The new "assault gun" version of its ZBL 09 8x8 wheeled armored vehicle will eventually replace the PTL02. The new vehicle has a turret containing a 105mm gun, for providing direct fire support for troops. There was already an artillery version, carrying a 122mm howitzer in a larger turret. There are several other versions and apparently more on the way. China has been quite pleased with these wheeled armored vehicles and has put a lot of effort into developing new models.
The basic ZBL 09 is a 21 ton vehicle that has a crew of three and carries seven passengers. The vehicle is 8 meters (25 feet) long, three meters (9.2 feet) wide, and 2.1 meters (6.5 feet, to the hull roof) high. It's amphibious and has a top water speed of 8 kilometers an hour. On roads top speed is 100 kilometers an hour, and max road range on internal fuel is 800 kilometers. The infantry carrier version has a turret with a 30mm autocannon. There are also artillery versions carrying either a 105mm or 122mm howitzer.
The ZBL 09 entered service in 2009, and some combat brigades are being equipped with it, to operate somewhat like the American Stryker brigades. China has been developing new wheeled armored vehicles for over a decade. Until recently these were all based on Russian designs. The ZBL 09, however, borrows more from the West. Still, some of the more recent (five years ago) Russian type designs were interesting and instructive.
Back then, for example, the 18 ton, 6x6 WMZ551A model was given a new turret. The vehicle has a crew of three and can carry nine more troops. Using technology and weapons obtained from Ukraine, the new vehicle has a 30mm autocannon instead of 25mm. More importantly the new turret has an improved fire control system (containing a laser range finder and a vidcam that shows the vehicle commander what the gunner sees). This is apparently related to earlier Chinese efforts to upgrade its BMP1 tracked infantry fighting vehicles with BMP3 turrets from Russia. These also have the 30mm cannon. The main problem with all these upgrades was money. The government wanted Chinese-made weapons to be used, as they are cheaper and supply is more assured. But the Chinese manufacturers didn't want to move up to the 30mm autocannon design just yet. Many Chinese generals believed that the Chinese 25mm autocannon is sufficient. All that has changed.
There was always agreement that an improved fire control system was a good thing. But there was not much space available inside a BMP. Some export models of the BMP3, when equipped with a thermal imager, had to mount some of that gear on the outside of the vehicle. There was also agreement that wheeled armored vehicles for the infantry might be a better investment.
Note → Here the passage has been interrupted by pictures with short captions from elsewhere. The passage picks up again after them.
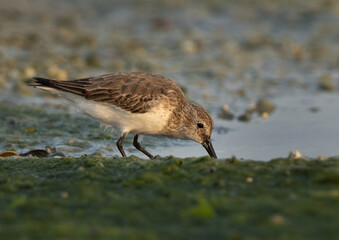 Little Stint feeding during low tide at Eker, Bahrain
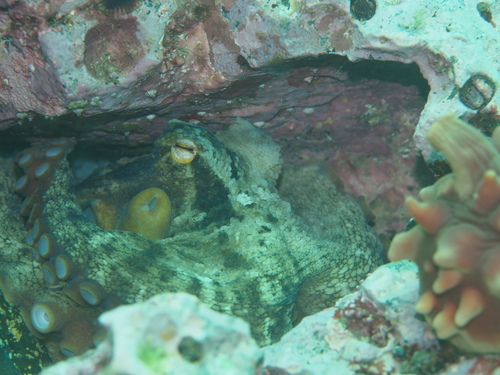 Octopus sinensis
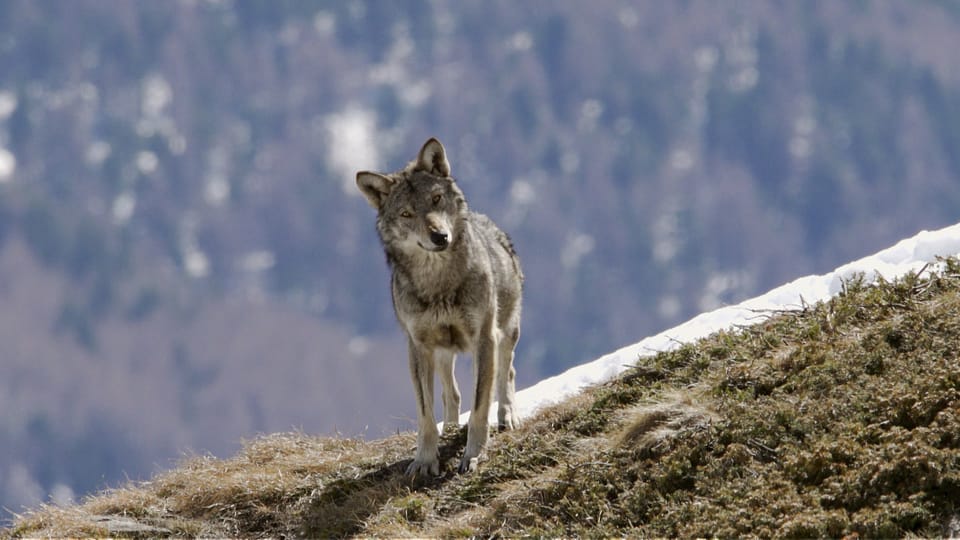Archiv: Erklärungen zum Wolf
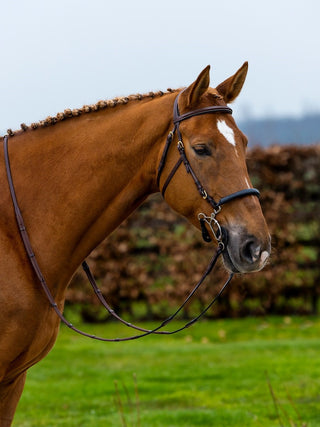 TRUST hoofdstel Hickstead Hackamore bridle gouden gespen Bruin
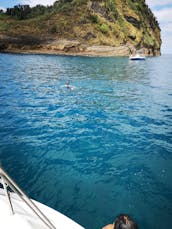 Sailing Tours/ Day Sailing Dufour39cc  Ponta Delgada, Azores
The Chinese have been observing American success in Iraq with the Stryker and LAV wheeled combat vehicles. Chinese designers eventually concluded that the roomier internal layout of Western vehicles did serve a useful purpose and the ZBL 09, and all the electronics installed in it, are an example of what the Chinese learned. It was also noted that it was easier to put a large (100mm and up) gun on a Western style wheeled armored vehicle. The extra space made many things possible, and China is experimenting with most of them.